Appearance
Backups & data
Hosted backups are managed for you. We run them, store them, and monitor them.
What's backed up
For every tenant (hub and each spoke):
- Database — Postgres logical backup, taken daily.
- moodledata PVC — Kubernetes
VolumeSnapshot, taken daily.
The two are taken close in time (within ~5 minutes) so they restore as a coherent pair.
Retention
| Tier | Retention |
|---|---|
| Standard | 30 days |
| Dedicated | 90 days |
Anything older than the retention window is pruned automatically.
Cross-region copies (Dedicated only)
On Dedicated, backups are also copied to a second region within 24 hours.
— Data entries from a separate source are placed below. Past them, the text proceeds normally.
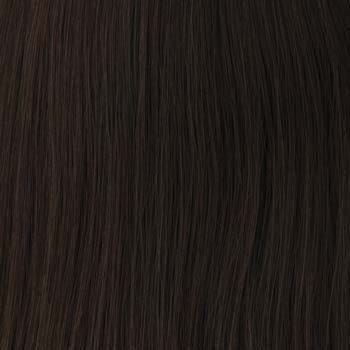 Eva Gabor Wig Color Dark Chocolate Mist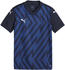 Puma teamGLORY Trikot Kids
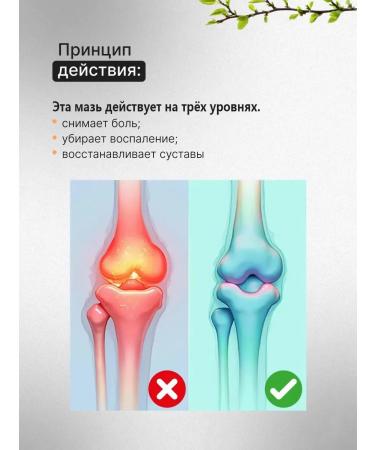 joint ointment from pain Chinese - Buy Online on GoSupps.com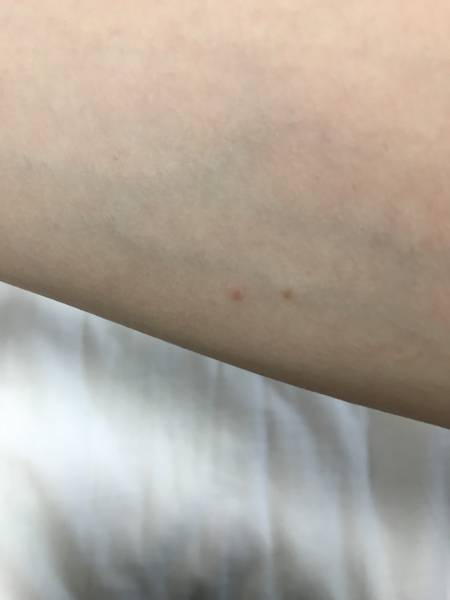 f:id:psaori:20180821032419j:plain f:id:psaori:20180821032419j:plain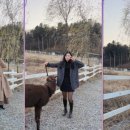 영수농장 이미지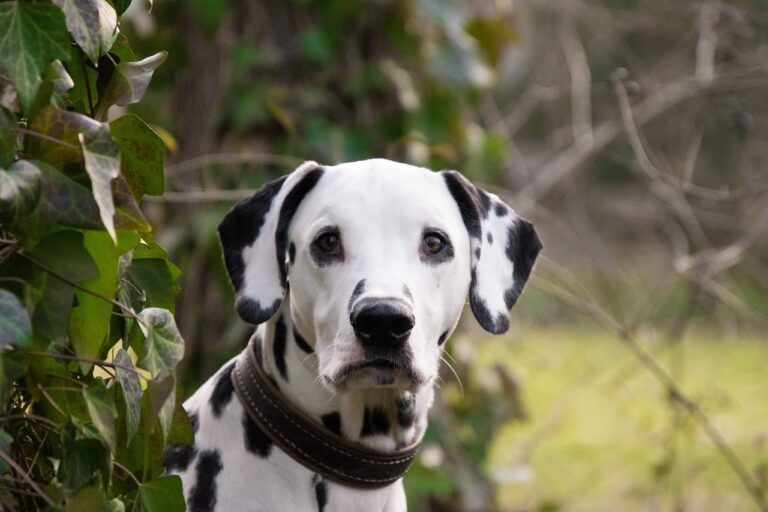 Mooiste hond ter wereld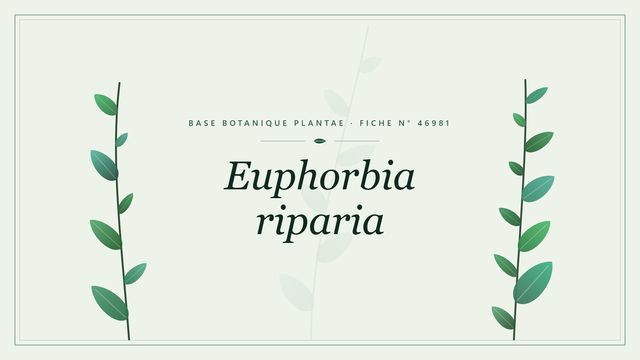 Euphorbia riparia : fiche descriptive et taxonomie Planche botanique stylisée d’Euphorbia riparia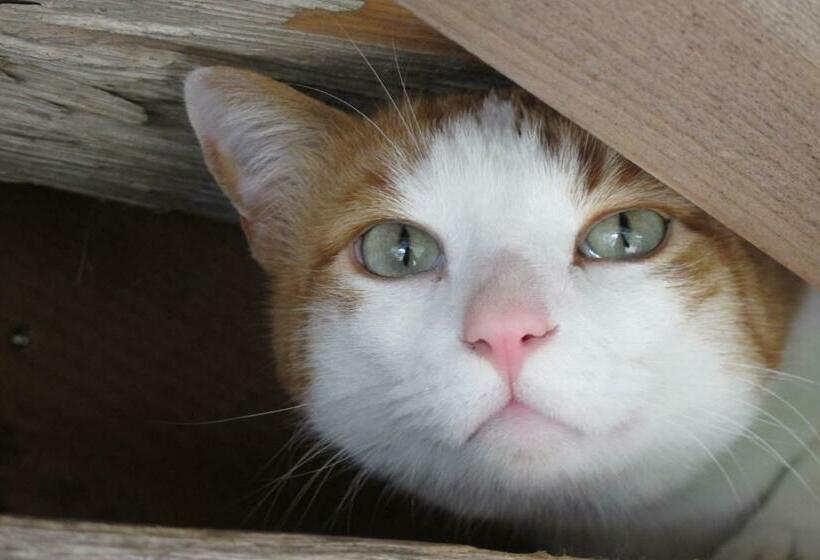 ベッドアンドブレックファースト Evergrin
This protects against a region-wide outage at our primary cloud provider.
Standard tenants don't get cross-region. The single in-region copy is durable to disk failure (replicated underneath) but not to a region-wide event.
RPO and RTO
| Tier | RPO (data loss tolerance) | RTO (time to restore) |
|---|---|---|
| Standard | 24 hours | Best effort, typically <8 business hours |
| Dedicated | 1 hour | <4 hours, 24/7 |
RPO is the worst case if we have to restore from yesterday's snapshot. RTO is how long you wait once you've requested a restore.
How to request a restore
Self-serve restore is on the roadmap; for now it's a support ticket:
- Open
/support→ Request restore. - Specify which spoke, and which point in time (or "the most recent backup").
- We'll confirm receipt within 1 business hour and start the restore.
The original spoke is not overwritten by default. We provision a new spoke at <original-slug>-restore-<date> and let you point users at it once you've verified the data is what you wanted. You can rename or swap DNS once verified.
If you'd rather we overwrite (it's faster), say so in the ticket.
What's visible to you
/spokes/<id> shows a Backups card with:
- Last successful snapshot timestamp
- Next scheduled snapshot
- Retention window for this tier
- An amber callout if the most recent snapshot failed (rare; we monitor)
This is informational only — there's no "restore" button in the portal yet.
What's not backed up
A few things are explicitly out of scope:
- Email logs / outbound emails — Postmark / SES handles its own retention.
- Audit events — kept indefinitely in the control-plane database; not part of the per-tenant backup.
- Stripe data — owned by Stripe; we keep references but not duplicates.
- Self-host customers' data — we don't have it; see Self-Host → Backups.
Self-host comparison
On the hosted plan we own the backup story end-to-end. Self-host customers operate their own — the chart includes a CronJob that does VolumeSnapshots, but the customer manages the schedule, retention, and restore process themselves. See Self-Host → Backups for the full breakdown.